I believe that giving stuff away for free is an aberration; it is a throwback behavior that evolved in times when “free” sharing was accompanied by a different behavior, one that made everybody to share equally. Anthropologists claim that our hunter-gatherer ancestors lived in egalitarian groups where all resources were shared equally. The system was supposedly maintained by “intentional leveling” - a process the group members imposed on individuals who defected from the rule. The original leveling behavior works in small groups, but is unenforceable when the group member numbers exceed something like the Dumbar number. Apparently, in the last 15 to 30 000 years, humans started living in large aggregations and the original leveling mechanism lost its power. Now we are stuck with half of something that used to be beneficial for us. The behavior now works against our individual and collective economic interests.

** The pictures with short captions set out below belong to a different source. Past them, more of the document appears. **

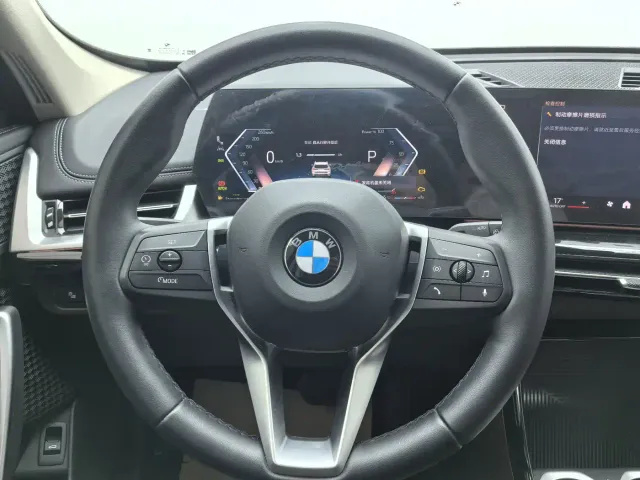 BMW X1 — Фото автомобиля 13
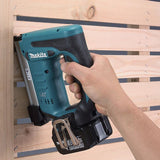 Makita Accu-nietmachine, 18 V/5,0 Ah, 2 accu's en oplader in Makpac), DST221RTJ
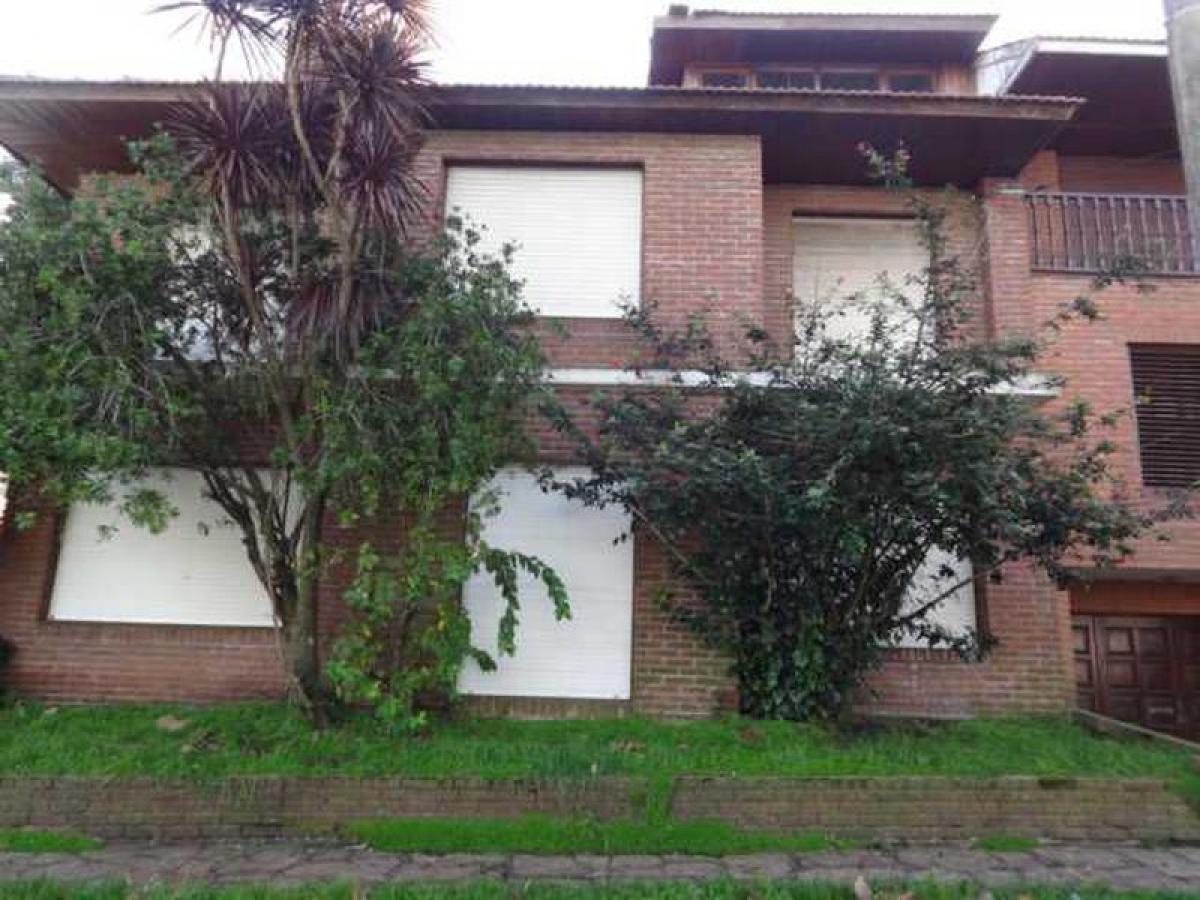 4 bedrooms House in Mar del Plata, Argentina No. 89342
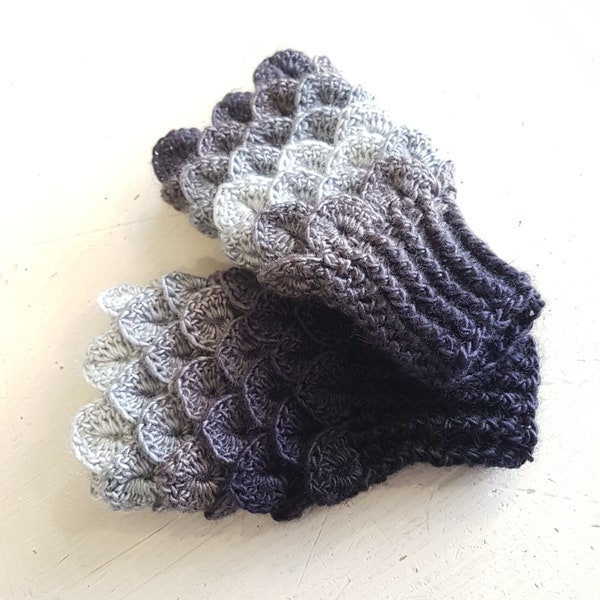 Adult black Dragon scale gloves, Mermaid gloves, Crocodile gloves, Mermaid mitts, black fingerless gloves, vegan gift, black and grey gloves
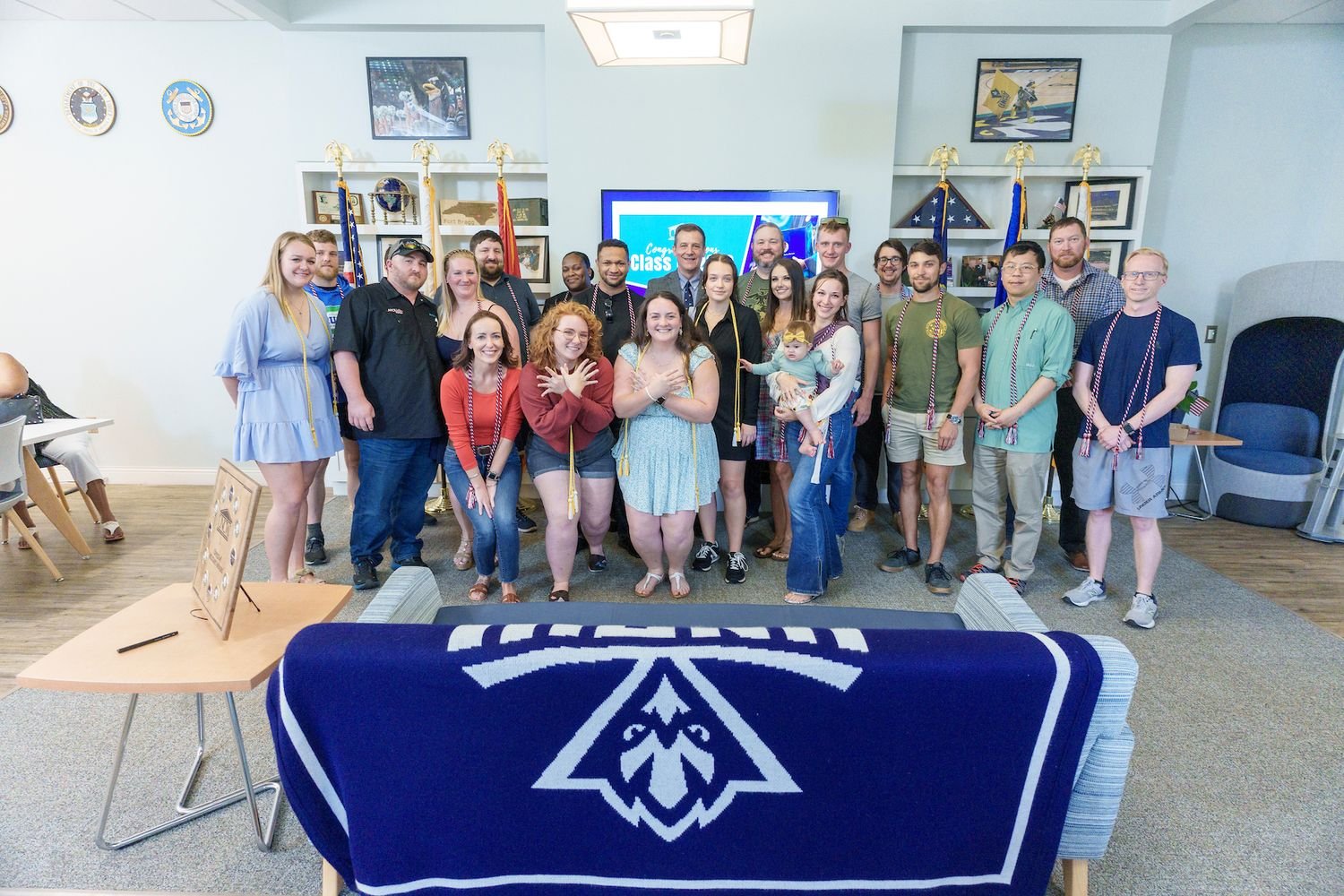 group photo Cords and coins reception, military affairs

I believe we must develop a modern version of the leveling mechanism, that will force everybody to reciprocate. We need to reject any forms of free sharing, if such sharing is not done by everybody.

I believe this should be reflected also in the licenses governing use of open source software.


I would go further, I would suggest that the incentives to deliver large scale shareholder dividends routinely pirates the value created by workers towards private interests that result in massive economic failures.

To fix this, we just need to ensure our work is licensed to explicitly prohibit use by large companies.

The Dunbar number is a bit of a problematic idea, (there are a number of good academic sources that contextualize the problem). IMO, it is better to use a number that is compatible with existing industrial data collection practices and industrial classifications since these numbers are already widely reported in public accounting standards and often mandatory in most countries. This leads to a straightforward method of license monitoring and enforcement.

Well, this is actually something I see as a problem - definition of “large”.

Couldn’t a system (+ license) be designed where the cost rises organically with company “size”? Couldn’t the cost be a function of (say) the number of end users of the product? I imagine the single user cost could be determined by the author of the artifact, but other options exist.

Re. the Dunbar number - I meant it in relationship to the critical group size, at which the “intentional leveling” mechanism breaks down.

I would like to clarify one point that I suspect readers of my initial post might find problematic. If a license required reciprocity in national currency, then most inhabitants of this planet would be excluded from consumption - by the virtue of scarcity (and other attributes) of money. That of course would be a show stopper. What I had in mind is - let people pay with their own labor, invested into projects they freely choose. Regardless of immediate usefulness of such work. That resource is readily available to all, meaning almost nobody is excluded from earning a “proof of labor” currency that could be used to reward others. It is also an inherently valuable resource, because given the choice, normal people will prefer to do useful work instead of choosing random activity, usefulness of which they do not believe themselves.

And that is why I believe reciprocal licenses are the future of FOSS.
Traditional FOSS is just a scam to get programmers to subsidize companies.
Reciprocal licenses close that loophole, because you cannot use the software to build something which doesn’t abide by the same rules.
If you extend reciprocation to also allow paying $$$ instead of just contributing code, then you give a way out for people who want to write closed-source code, while still contributing back to the commons.


Let’s go even further - as I suggest above - let people pay with their time doing any* voluntarily chosen activity in addition to $$$. See for example how you can remove the ad block on this site.

  • some conditions should apply, not related to how valuable the work is

A business is defined as large under the statutes of the state. The criteria are normally used to identify the appropriate accounting standards and for international data collection initiatives. They do vary from country to country but you can easily tidy it up with measures of profitability, turnover, assets on the balance sheet or number of employees, which is (generally) 250 employees.

It really is that easy. For the purposes of monitoring the level of unevenness in the work relation between worker and capital, my research has shown that the companies that have the most employees (more than 500) have far more negative impact (I call it the ‘exploitation factor’) in terms of distributing output from employees than others… no matter what the other metrics might be.